EDitorial Comments
DON WINSLOW OF THE NAVY: Finally, a Good-Looking DVD!
Props to the good people at Hermitage Hill Media for their new, bargain-priced DVD edition of Don Winslow of the Navy, a 1942 Universal serial based on the once-popular comic strip by Frank V. Martinek and Leon Beroth. It features brawny, iron-jawed Don Terry as the intrepid Winslow, Walter Sande as Don’s sidekick Red Pennington, Claire Dodd as love interest Mercedes Colby, and Kurt Katch as the strip’s principal villain, The Scorpion. Shot in the fall of 1941 with scenes laid in and around Pearl Harbor, this well-remembered chapter play anticipates impending conflict with the Axis powers without naming names, as was Hollywood’s habit in the months leading up to our entry into World War II. There’s more than a little stock footage of America’s mighty fleet (before much of it was destroyed on December 7, 1941), but also plenty of action. Serial fans have joked for years that Winslow is one of the most ineffective scrappers in chapter-play history because he seems to lose every fight — and there are plenty of them. But that hasn’t prevented the serial community from lamenting the unavailability of a high-quality video transfer.

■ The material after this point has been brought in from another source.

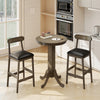 Round wood bar table set with pedestal base and two armless stools, featuring padded seats for comfort and farmhouse.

Existing 16mm prints of Don Winslow of the Navy, struck for non-theatrical use and early TV syndication, are not particularly crisp, and the jury-rigged transfer systems employed by bootleggers aren’t capable of yielding a sharp, properly timed image. Hermitage Hill has made something of a speciality of working with problem prints of rare serials to come up with more-than-acceptable transfers, and frame-by-frame comparison of their Winslow with others shows that they’ve hit pay dirt again. It doesn’t look as good as commercial DVD releases mastered from pristine 35mm film elements (such as master positives struck from the original camera negatives), but it’s clearly superior to anything video-era serial buffs have seen to date on this title. Moreover, you can’t beat Hermitage Hill’s prices and service. Highly recommended!